Inovação & estratégia
5 minutos min de leitura

Confiar decisões clínicas aos algoritmos exige mais do que tecnologia

Entre a inovação e o risco, este artigo discute até onde se deve confiar na IA dentro do contexto clínico. A tecnologia, sem dúvidas, amplia capacidades, mas ainda depende de dados de qualidade, supervisão humana e confiança para cumprir seu potencial.
Diretora da unidade Healthcare da Interplayers, hub de negócios da saúde e bem-estar, reconhecida por suas iniciativas disruptivas e tecnologia de ponta.

Compartilhar:

Por anos trabalhando na interseção entre saúde e tecnologia, convivi com uma pergunta recorrente: a IA teria espaço na saúde?
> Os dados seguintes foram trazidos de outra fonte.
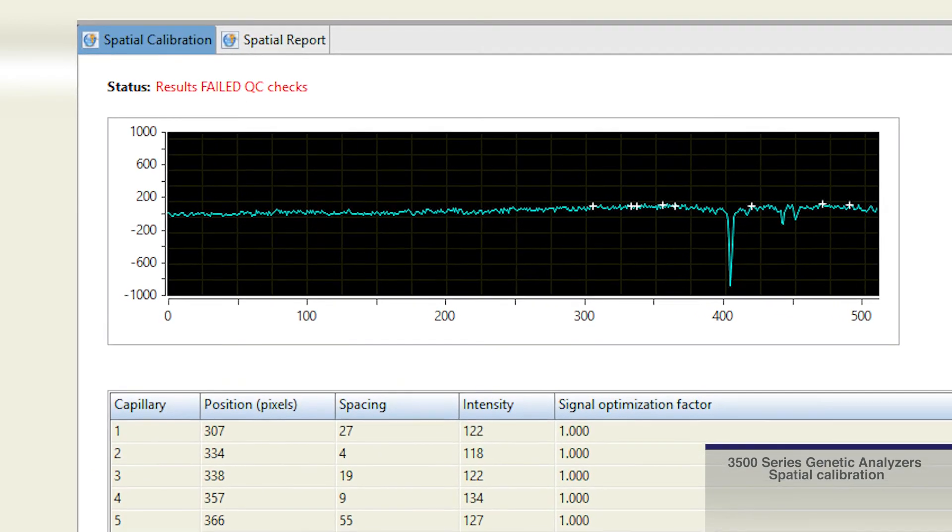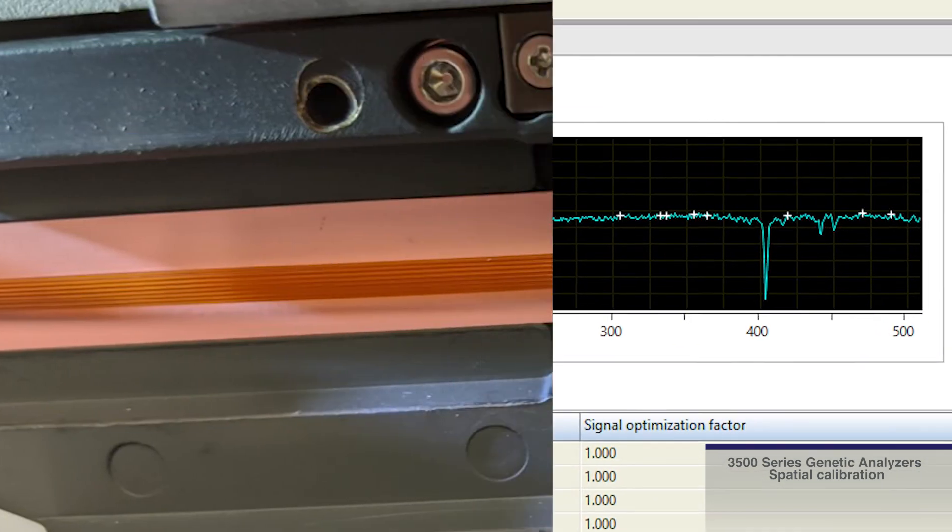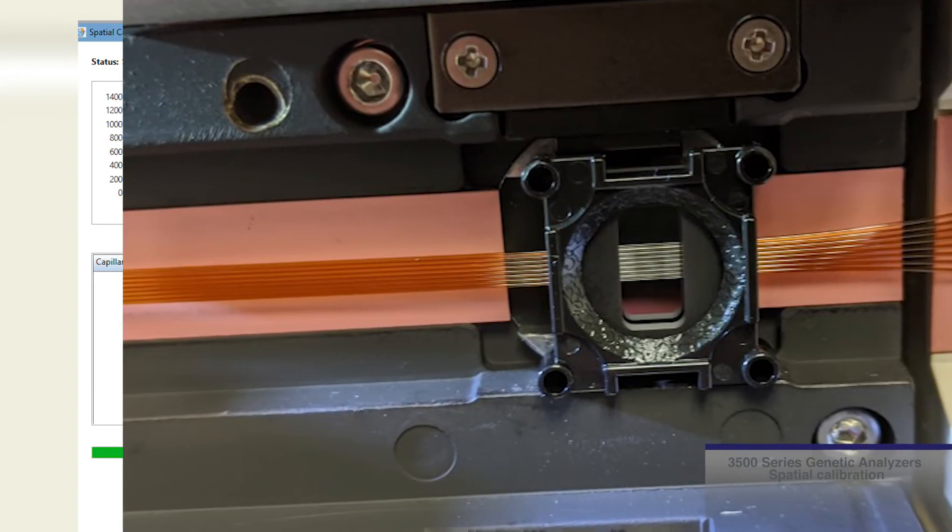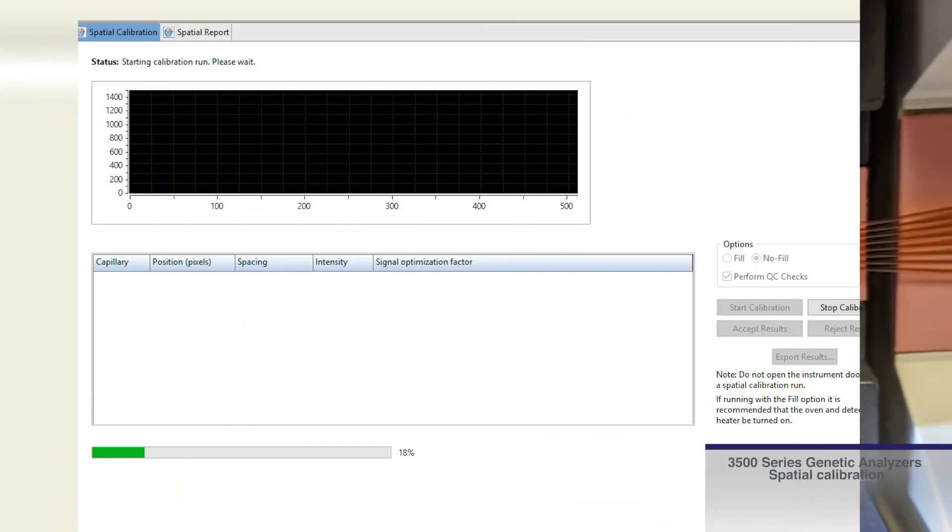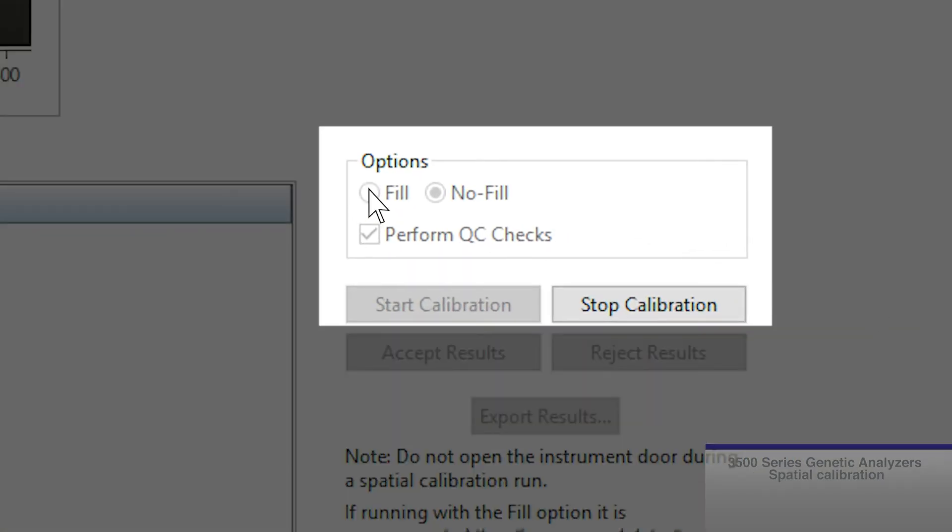If the spatial calibration has failed, check to see that the detection cell is seated properly. Select the fill option to fill the capillaries with fresh polymer and repeat the calibration.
Hoje, essa questão já foi respondida pela prática. O que ouço de clientes, parceiros e profissionais do setor é outra coisa: até onde podemos confiar nela?

A pergunta muda de forma dependendo de quem a faz. Alguns querem entender o que a IA pode substituir. Outros estão preocupados com os riscos.

A inteligência artificial já faz parte da rotina clínica, organiza prontuários, analisa exames de imagem, alimenta plataformas de telemedicina, responde pacientes em chatbots e apoia condutas médicas. O problema não é mais se ela está presente. É que ainda não decidimos, com clareza, até onde estamos dispostos a confiar nela.

A resposta honesta é: não completamente. E reconhecer isso não é desacreditar a tecnologia, é o contrário. O entusiasmo com a inovação costuma avançar mais rápido do que a maturidade estrutural, regulatória e cultural necessária para sustentá-la com segurança. Na saúde, esse descompasso tem consequências reais.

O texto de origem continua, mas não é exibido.